As a guest on NBC's The Today Show shortly after the pageant, Upton told Ann Curry and Matt Lauer that she was overwhelmed when asked the question and did not comprehend it correctly. The Today Show hosts gave Upton another opportunity to answer. She responded:

Well personally, my friends and I, we know exactly where the United States is on our map. I don't know anyone else who doesn't. And if the statistics are correct, I believe that there should be more emphasis on geography in our education so people will learn how to read maps better.

Both Curry and Lauer, along with unseen crew members, applauded her response.

=== Mental health struggles ===
After her response at the 2007 Miss Teen USA pageant went viral, Upton experienced significant public criticism and personal difficulties. In a 2015 interview with New York Magazine, she disclosed that the widespread backlash contributed to a period of severe depression and suicidal thoughts. Upton described this time as "very dark" and noted that she kept her struggles private, confiding only in a few trusted individuals, including her fiancé, best friend, and eventually her mother.

Upton recounted specific incidents of harassment, including being taunted by a group of students at the University of South Carolina and receiving a threatening letter in her parents' mailbox. The letter contained hostile content, urging her to "go die" due to the pageant incident. Upton credited her family and close friends with providing essential support during this difficult time.

===Post-pageant career===

Upton has appeared in numerous national commercials, on Tosh.0, as a correspondent for Jimmy Kimmel Live!, as a contestant on CBS's The Amazing Race, as a guest host on MTV's Ridiculousness, and in a recurring role on the HBO series "Funny or Die." She has also modeled in numerous advertising campaigns and shot a Maxim spread and behind-the-scenes video for Maxim.com in 2010.

Upton has also modeled in advertisements for companies such as Nautica and Wrangler and has appeared in national magazines such as Seventeen, Cosmo Girl, and American Cheerleader. She later signed a deal with Donald Trump's modeling agency in New York City.

Upton appeared in Weezer's music video "Pork and Beans", which was released on May 23, 2008, where the microphone she held became a lightsaber. In the same video, Upton blends "Maps" in a Blendtec blender.

In 2010, Upton was a contestant on The Amazing Race 16, where she is credited as Caite Upton and finished the race in third place with her then-boyfriend Brent Horne.

== Online abuse ==
=== Comments by Tucker Carlson ===
In March 2019, audio clips surfaced of Tucker Carlson making controversial remarks about Upton in 2007 shortly after the pageant.
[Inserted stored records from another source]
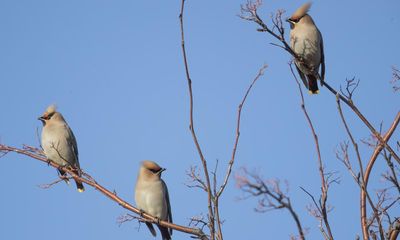 Country diary: Willing the waxwings south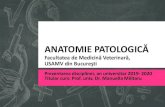 ANATOMIE PATOLOGICĂ PATOLOGICA 2019... · 2020. 4. 13. · Anatomie patologică „ anatopat ” 1. Tip de disciplină şi obiective majore 2. Timp alocat disciplinei (număr de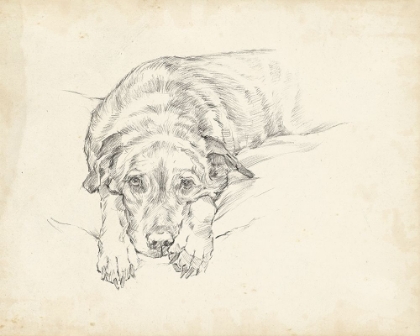 Picture of ANTIQUE DOG SKETCH IV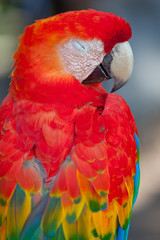scarlet macaws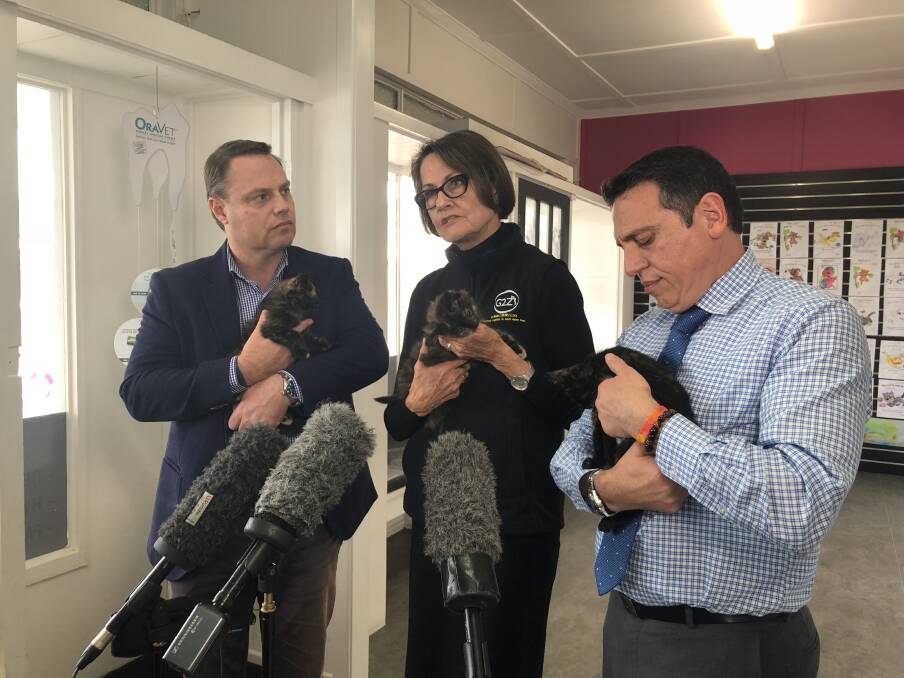 Deputy Mayor Adrian Schrinner, AWLQ strategic director Joy Verrinder and Councillor Peter Matic with foster kittens at the cat desexing program announcement. Photo: Ruth McCosker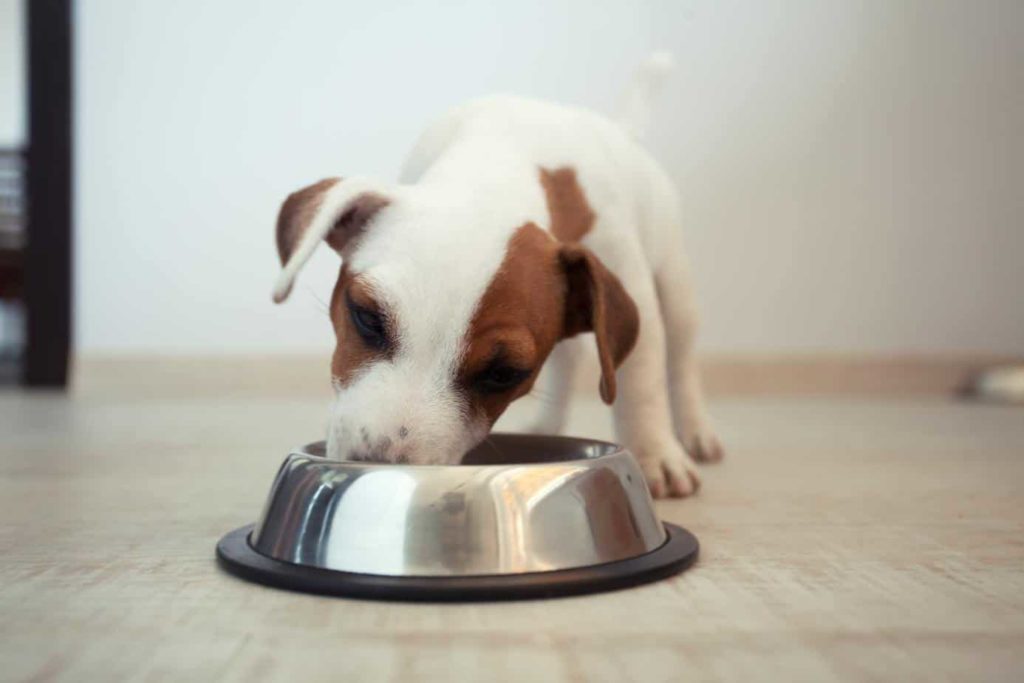 Jack Russell terrier puppy eats out of metal bowl. Beware dog food dangers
Carlson, speaking on Florida-based radio program The Bubba the Love Sponge Show, repeatedly denigrated Upton's intelligence and speculated on her sexual behavior.

=== Comments by JD Vance ===
In 2024, in anticipation of a CNN interview with presidential candidate Kamala Harris, Republican vice-presidential candidate JD Vance posted a video of Upton giving the infamous answer about maps with the caption "BREAKING: I have gotten ahold of the full Kamala Harris CNN interview."
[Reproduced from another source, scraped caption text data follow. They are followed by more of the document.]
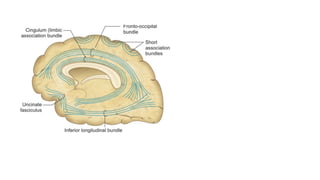 6.4.23 neuroanatomy.pdf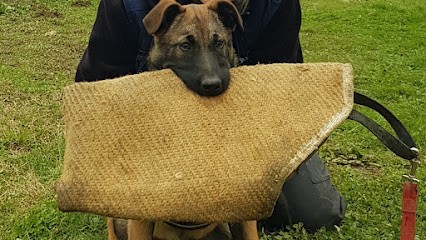 Pension Elevage Education Berger Belge Malinois Education Canine Domaine de Poumecoste CADOURS, Pension pour Animaux à Cadours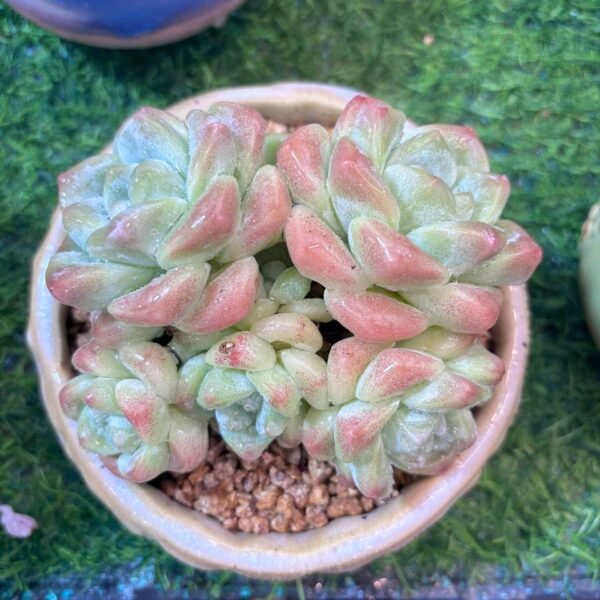 057.Echeveria 'Ice Green'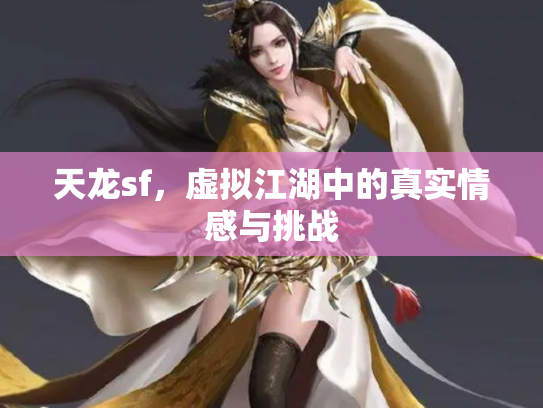 天龙sf，虚拟江湖中的真实情感与挑战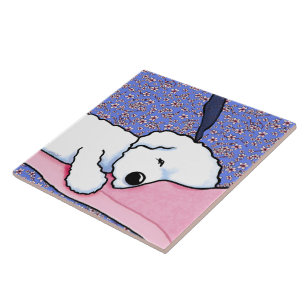 Cachorro KiniArt Cachorado Bichon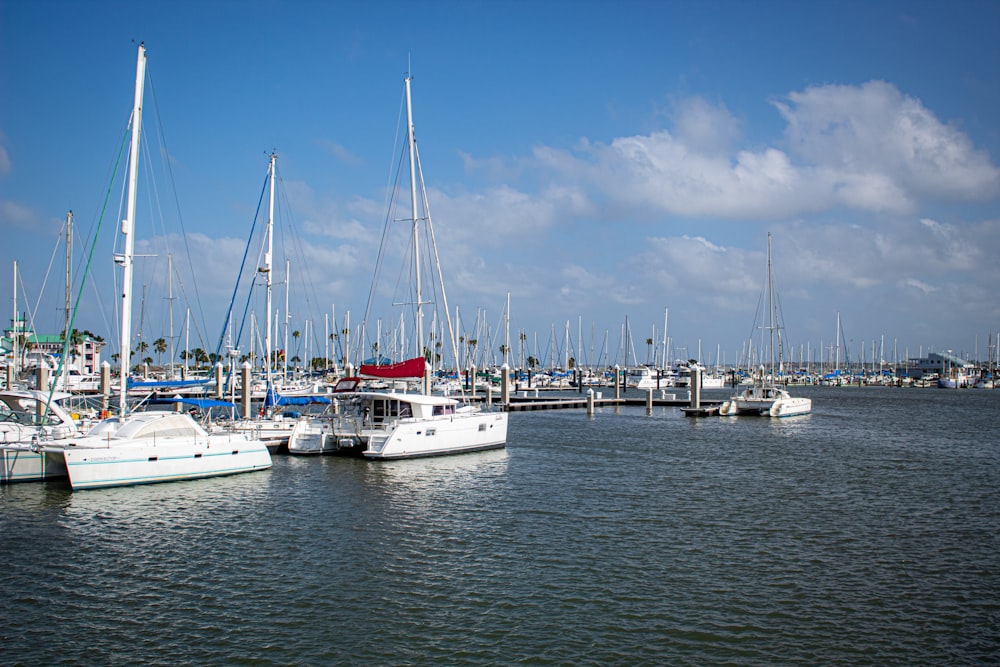 a harbor filled with lots of boats under a blue sky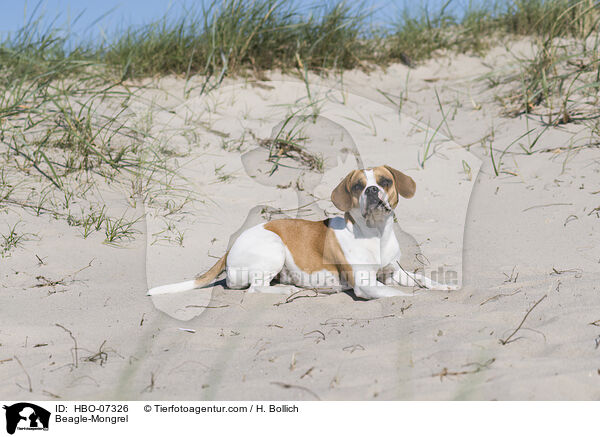 Beagle-Mischling / Beagle-Mongrel / HBO-07326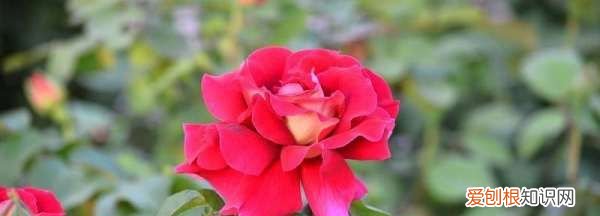 月季种子催芽方法，爬墙月季花种子怎么种容易发芽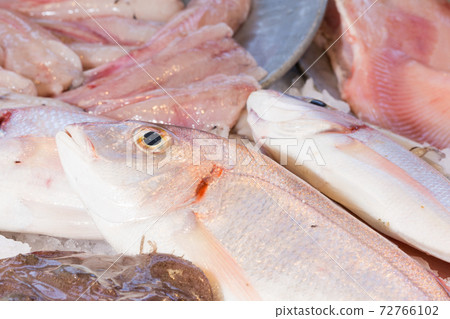 pink sea bream resting on a bed of ice pink sea bream resting on a bed of ice 72766102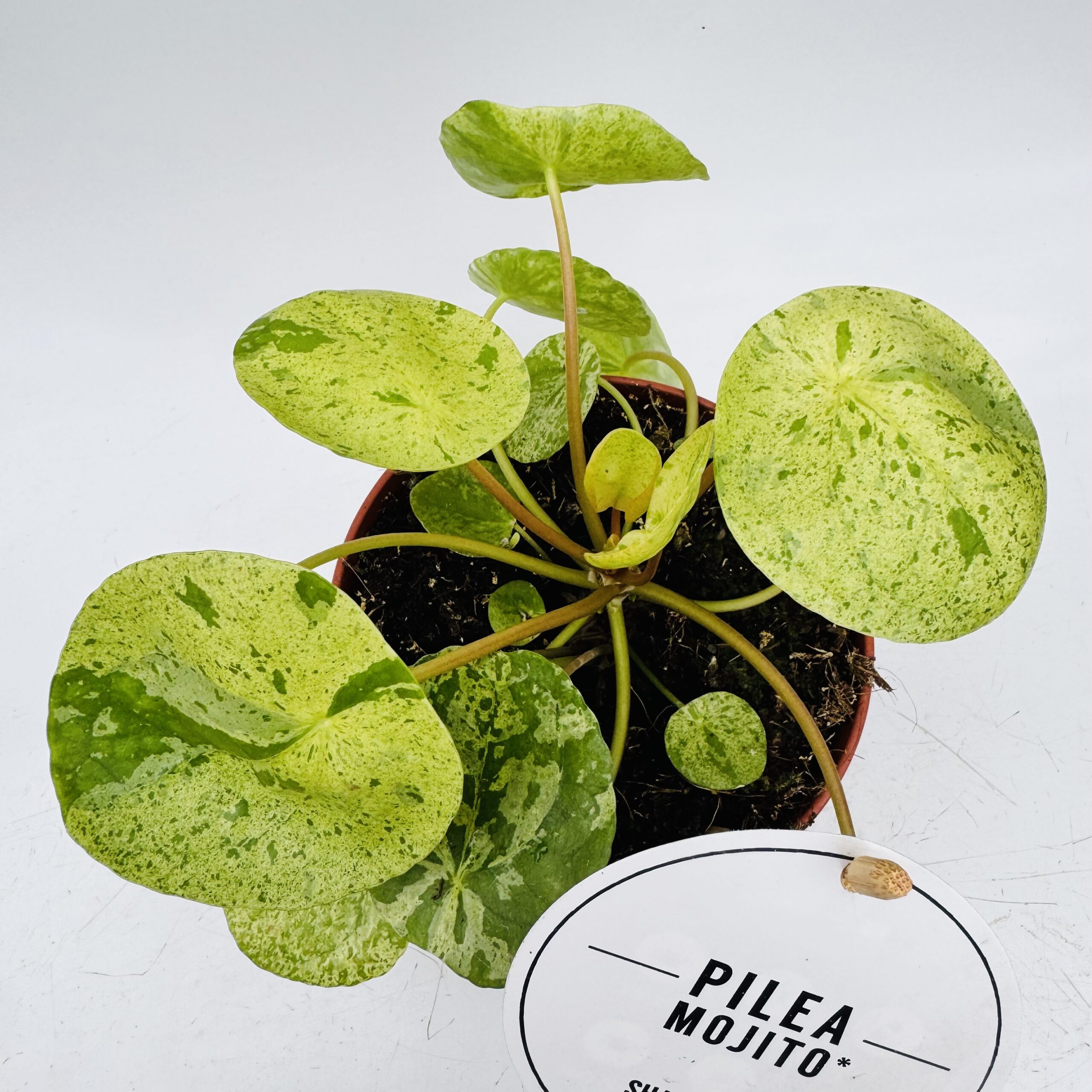 Pilea peperomioides “mojito” - Imagen 5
The post received criticism for reviving a moment in Upton's life that she had previously described as traumatic.

In a follow-up interview with CNN, Vance stated that he was unaware of the negative impact the clip has had on Upton's mental health. While he expressed goodwill towards Upton, he declined to apologize, suggesting that humor has a place in political discourse.
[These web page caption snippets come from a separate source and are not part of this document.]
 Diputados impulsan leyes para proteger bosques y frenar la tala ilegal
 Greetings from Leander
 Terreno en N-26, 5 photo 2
Upton addressed the situation in a statement to Vanity Fair, noting her disappointment that the moment was still being referenced after 17 years. She highlighted the ongoing issue of online bullying and encouraged those experiencing similar challenges to seek support from relevant organizations, stating, "It's a shame that 17 years later this is still being brought up. Regardless of political beliefs, one thing I do know is that social media and online bullying needs to stop."

==Personal life==
Upton married personal trainer Charlie McNeil in 2016 and they divorced in 2019.